We’re driving in the rain, the heater on, the music light, the company of a friendship that was born in the heart of that old storm, the easy voice of a rare person I know to trust, red shirted and black haired, that smile she really doesn’t know, it's so natural, like the lines on her hand.

She’s telling me about her boyfriend, she’s telling me about her accident.
You feel her embracing the world.
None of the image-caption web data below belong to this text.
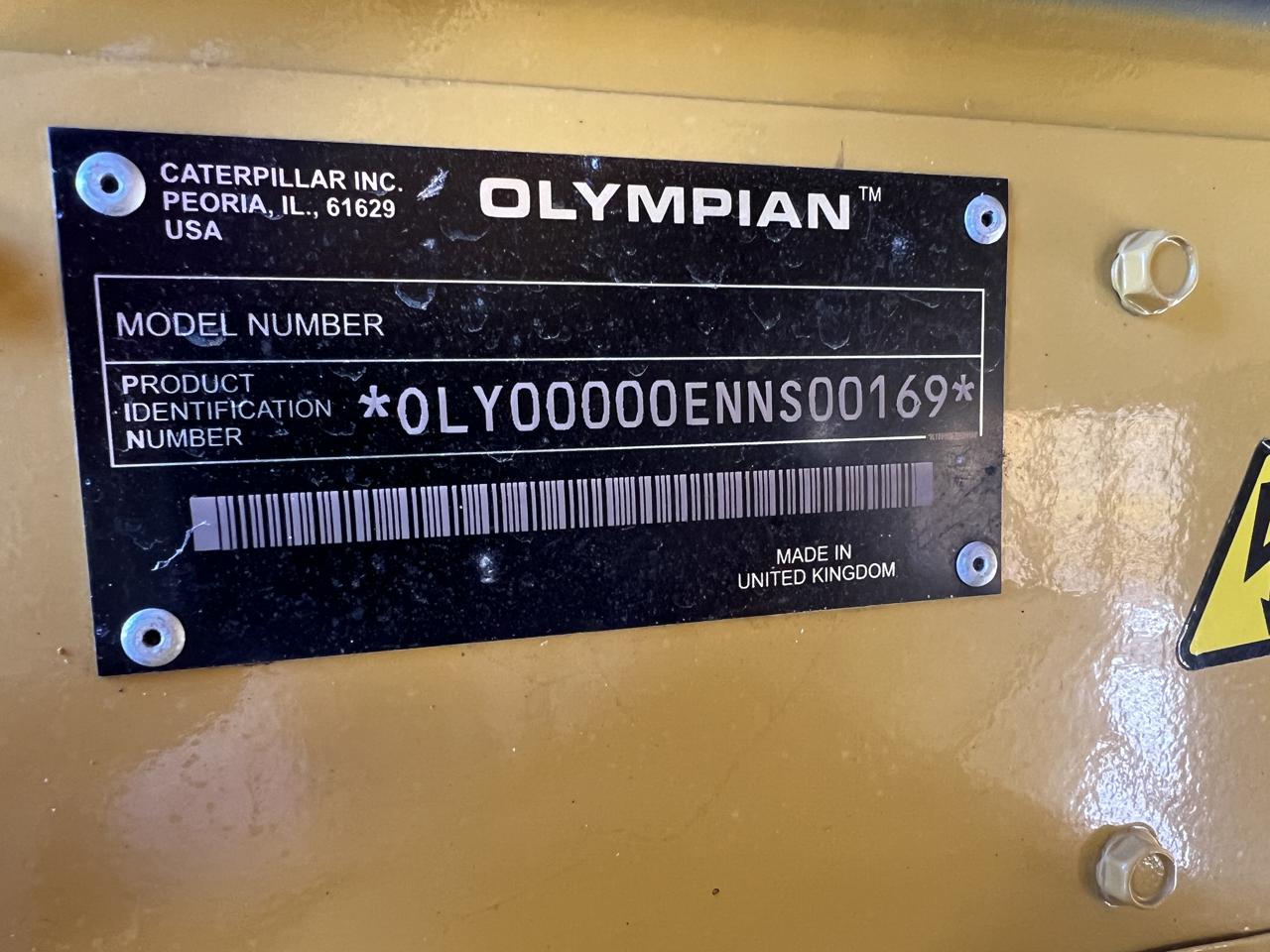 _150 kW Cat/Olympian Generator, with Enclosure and Base Fuel Tank, Perkins Engine, Year - 2001, 216 Hours - Image 16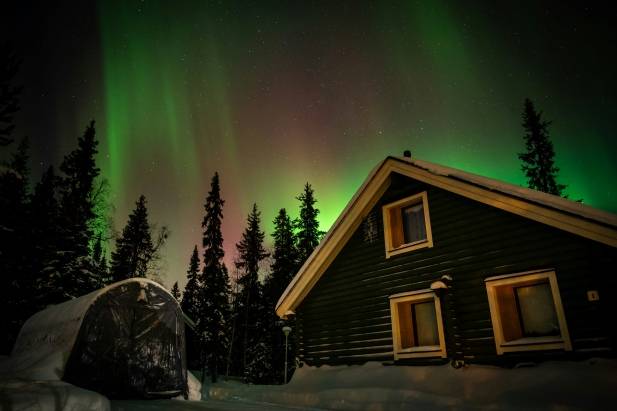 Lapland Finland Aurora Lights
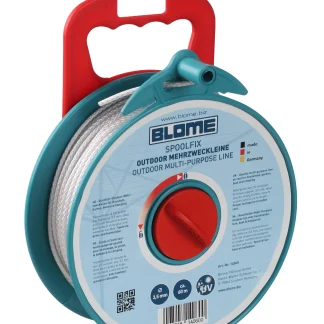 Blome Mehrzweckleine SpoolFix Länge: ca. 60 m auf Spule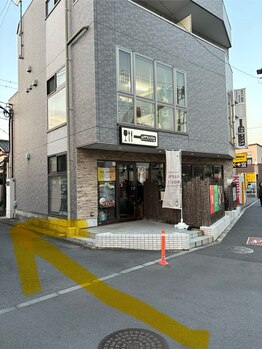 センス ひばりが丘駅前店(SENS)/駐車場ルート2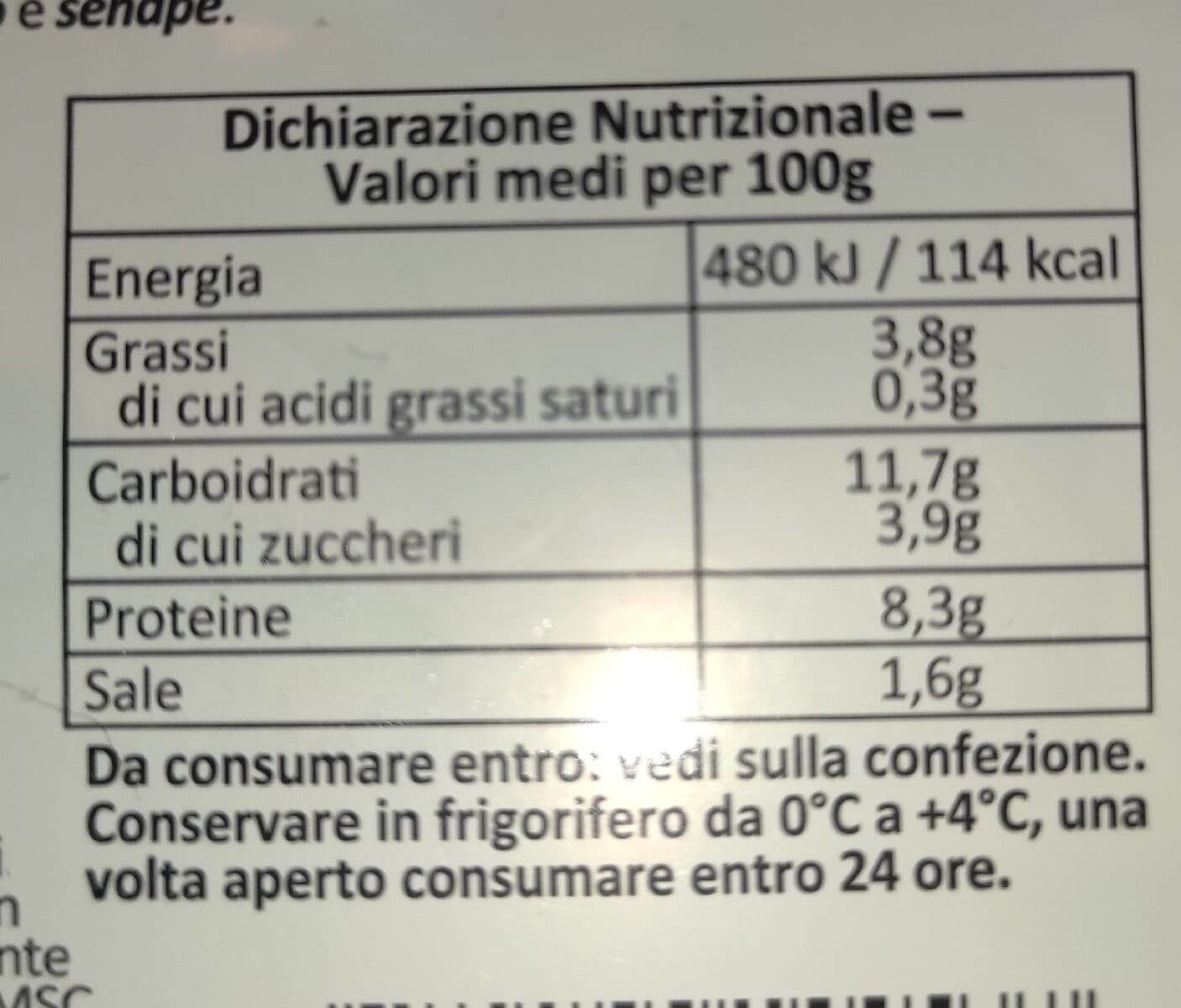 Viči Fette del mare al gusto di granchio packshot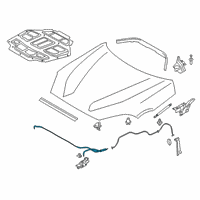 OEM BMW Z4 COUPLING, TWO BOWDEN CABLES Diagram - 51-23-7-435-523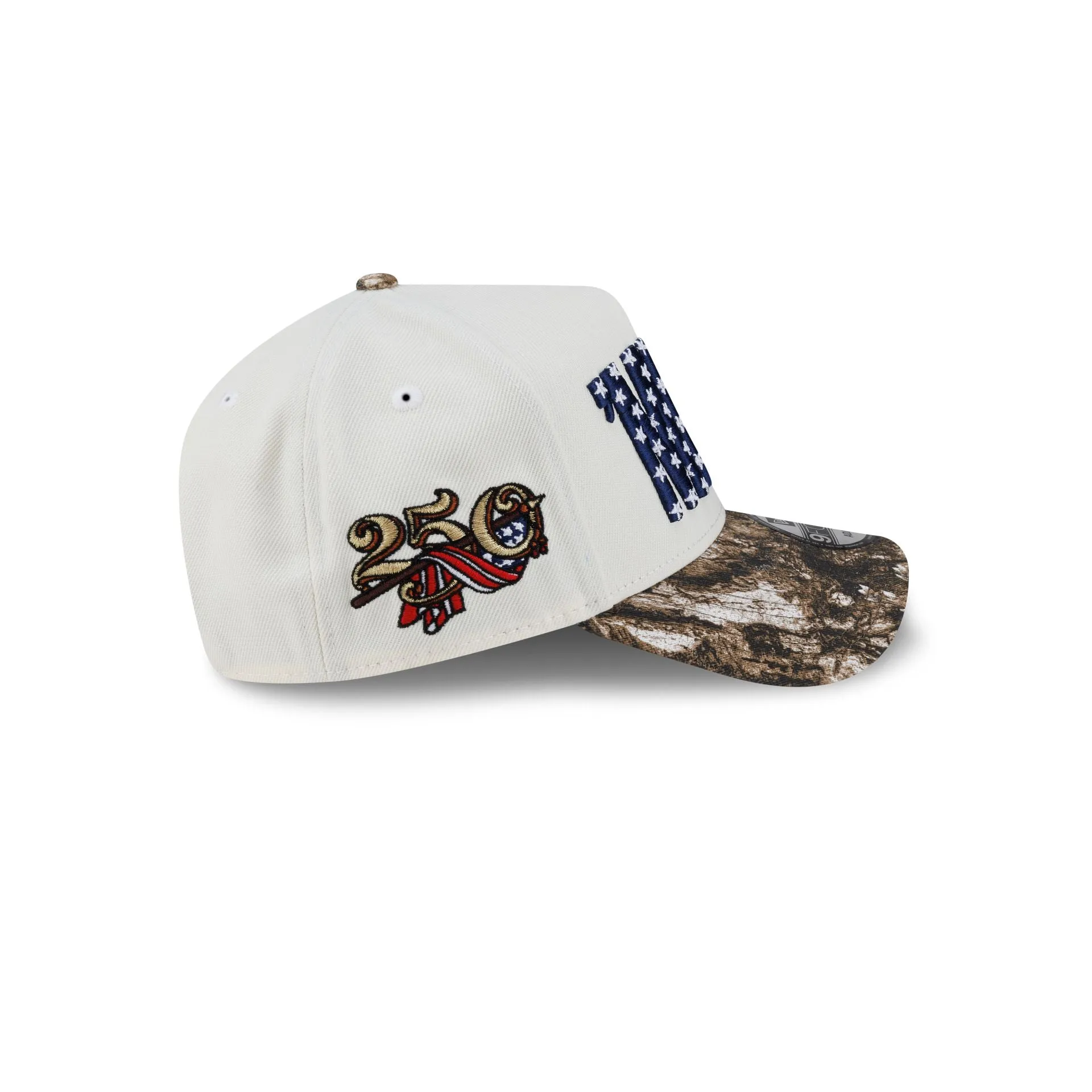 New Era Cap 'Merica Chrome White 9FORTY A-Frame Snapback Hat sold by New Era product image thumbnail 4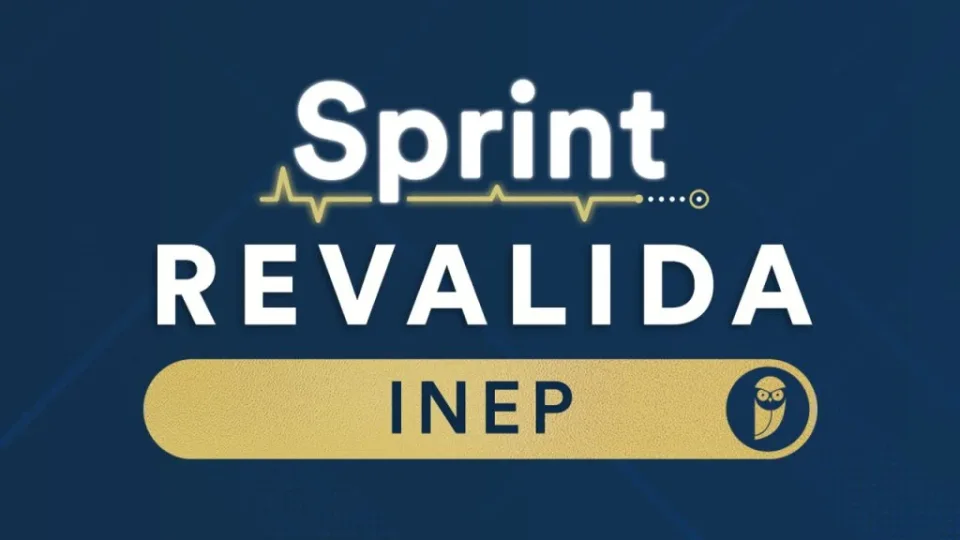 Capa do curso Estratégia Sprint Revalida: Inep 2024 – Estratégia MED
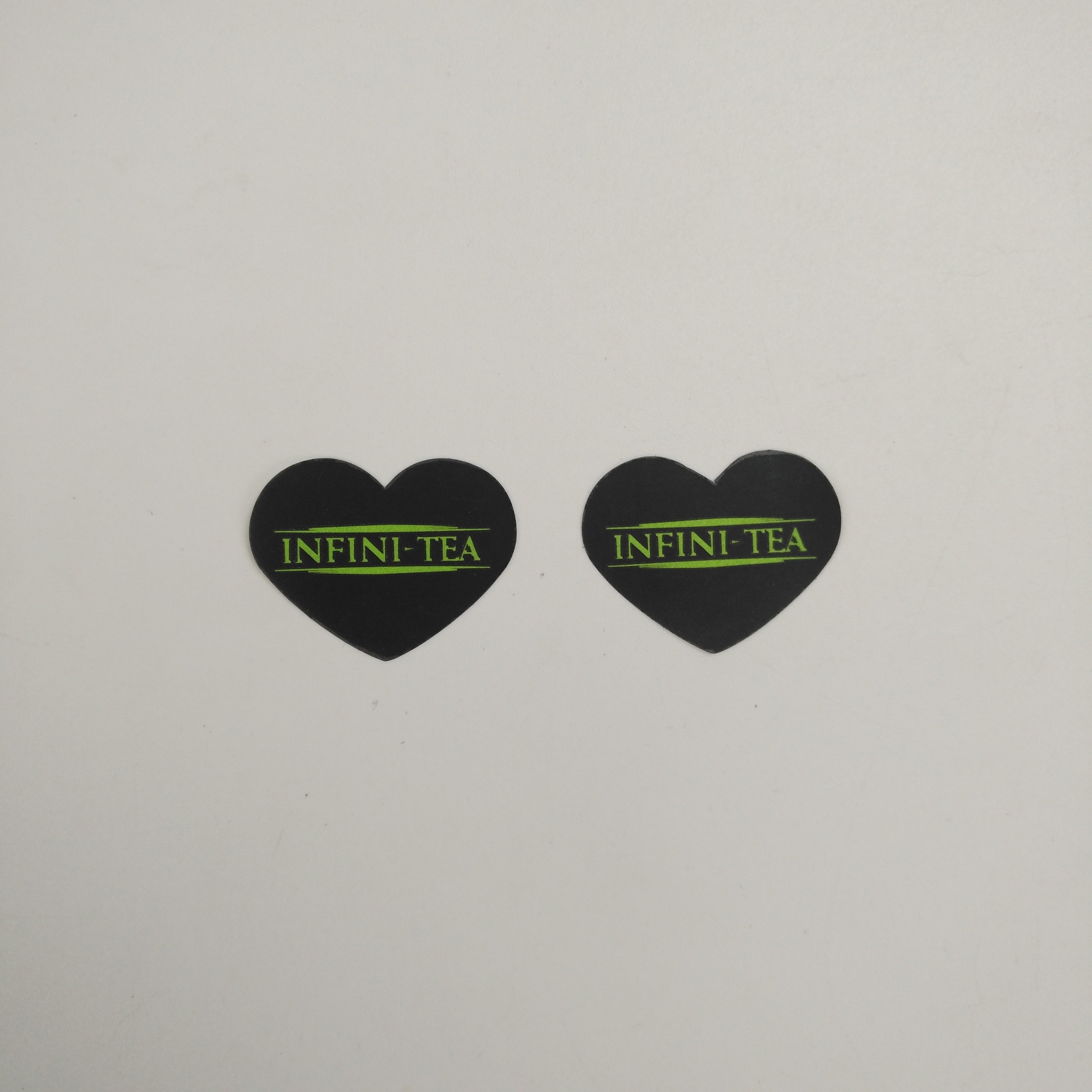 VMPET 60x60MM 20 micron di etichetta olografica del film per le bottiglie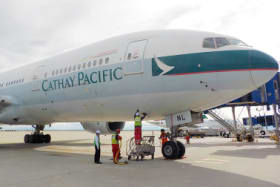 The first ever Boeing 777 retires to its final resting place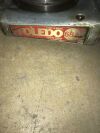 TOLEDO 68A Port-A-Pony PIPE THREADER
The energy of more than youth.

And I take stock of the last year, as if she is there to ask me to do that.

(What do I have to my name?
An flat and wide screened television.
A thousand dvd’s.
These are my valuables.
The things I carry.
I’ve gained another divorce.
Survived pneumonia.

And now it is spring again, of a new year in which nothing really terrible has happened.
This 2005.
This year in which from time to time I’ve even acted wisely.
Who knows, it could be the best year of my adult life.

[No year will equal that of a childhood year.])

This last year, when we met, this white smiled girl and I, in trauma, and this new year, when we survive sickness and accident, and are ready to take stock.

And we arrive, and sit talking for awhile longer, this cleaner communion, one more real, that doesn’t require any grasping, any gasping, anything at all but the ease from which almost all good moments are born, I think about us, the two of us, good enough people in the end, really, and how we’re both ok, at this moment, and, even, in the context of our lives.

I think about the simple pleasure of friendship, that more rare than we know thing.